Cualquiera que haya tenido la paciencia de leer las líneas anteriores se habrá percatado de que disto mucho de sustentar las opiniones de aquellos que son adeptos de Trevijano y a los que todo elogio – aunque sea falso – les parece poco, pero también ando muy lejos de aquellos que todavía le guardan viejas rencillas por eso de la amargura del desempleo. Yo no creo que Trevijano fuera un pensador notable, pero sí creo que tiene una novela porque recogió en su vida algunos de esos rasgos enloquecidos del pueblo español, ese pueblo del que Trevijano, muy soberbia, desconsiderada e injustamente, decía que todos eran cobardes porque los valientes murieron en la guerra civil.
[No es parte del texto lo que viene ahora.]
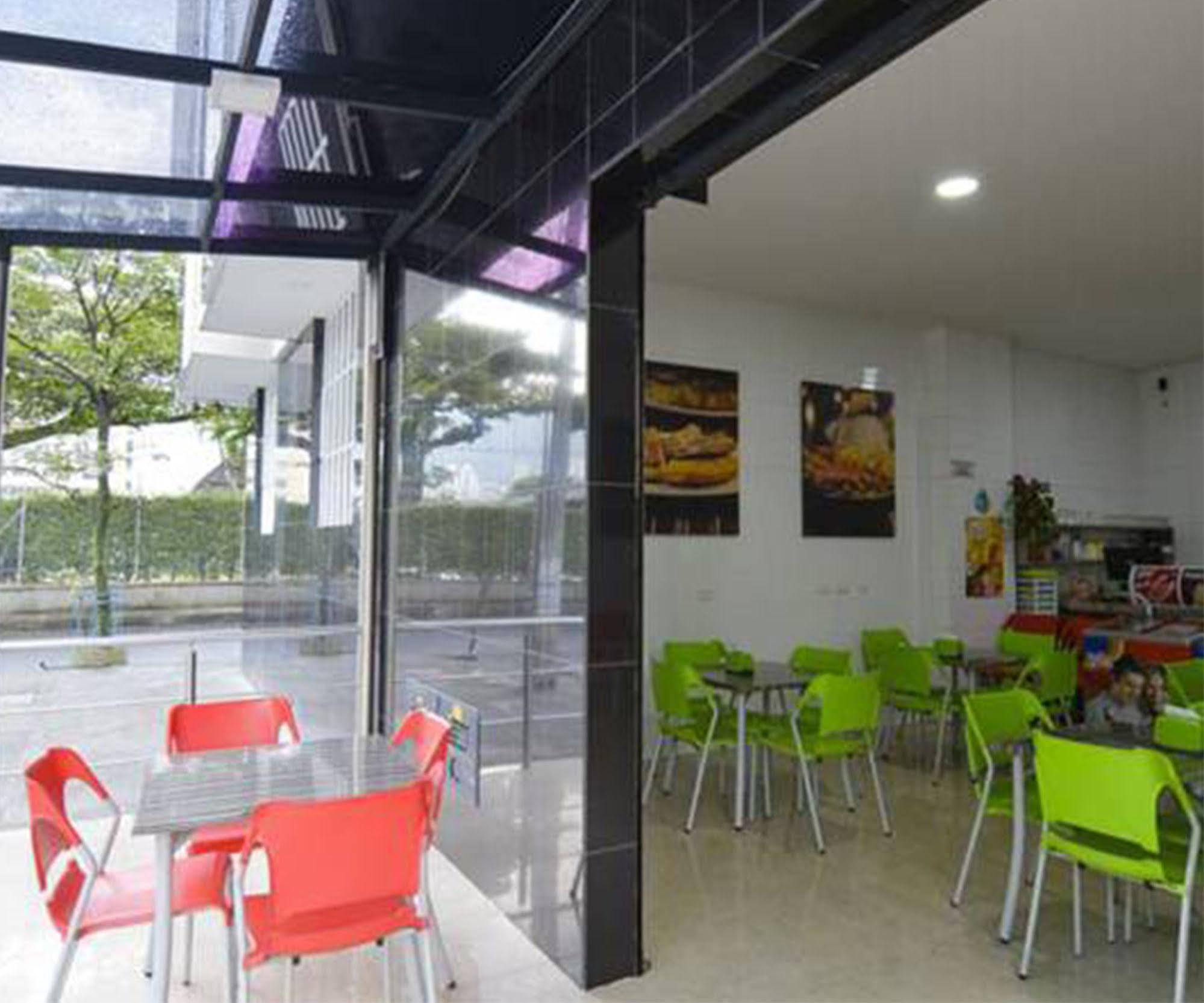Hotel Monarca Itagui Exterior photo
Son - bien lo sé – rasgos que tanto daño nos han hecho y nos hacen, pero que a mi me producen una enorme ternura. En él se dieron cita hasta la muerte el mantenella y no enmedalla, el mirar a los demás por encima del hombro a pesar de la derrota innegable, el contar la Historia no como fue sino como se desea para mantener el punto de la negra honra, el inventarse palabras – como ese repúblico que es un disparate gramatical porque implicaría que Trevijano era una cosa pública aunque si es así que nos informen de cómo cobramos la parte que nos corresponde del palacete en el que vivía en una de las zonas más caras de la provincia de Madrid – el complacerse escuchando a otros pronunciar el nombre propio, el intentar cambiar el pasado como si semejante dislate pudiera ser posible, el mantener el acento de la tierra natal destrozando cualquier pronunciación de una palabra extranjera, el acertar incluso en ocasiones y hasta hacerlo con cierta brillantez… Como sucede con Don Juan, con la Celestina, con el Buscón, uno no se puede terminar de identificar con Trevijano porque carecía de ese punto tierno y bondadoso que caracteriza, por ejemplo, al Lazarillo y a don Quijote. Sin embargo, a pesar de todo, en él había elementos del ¡No pasarán! y del ¡Que inventen ellos!, que obligan a reconocer que, con sus virtudes y sus defectos, era un hijo de esta tierra, que nunca hubiera cabido en otra y que se mantuvo en sus trece como el papa Luna hasta que se lo llevó de este mundo algo tan prosaico como un cateterismo. Mis condolencias a sus deudos y que el Dios en el que no creía le otorgue no ya la muerte que deseó y no tuvo, pero sí un descanso eterno y en paz.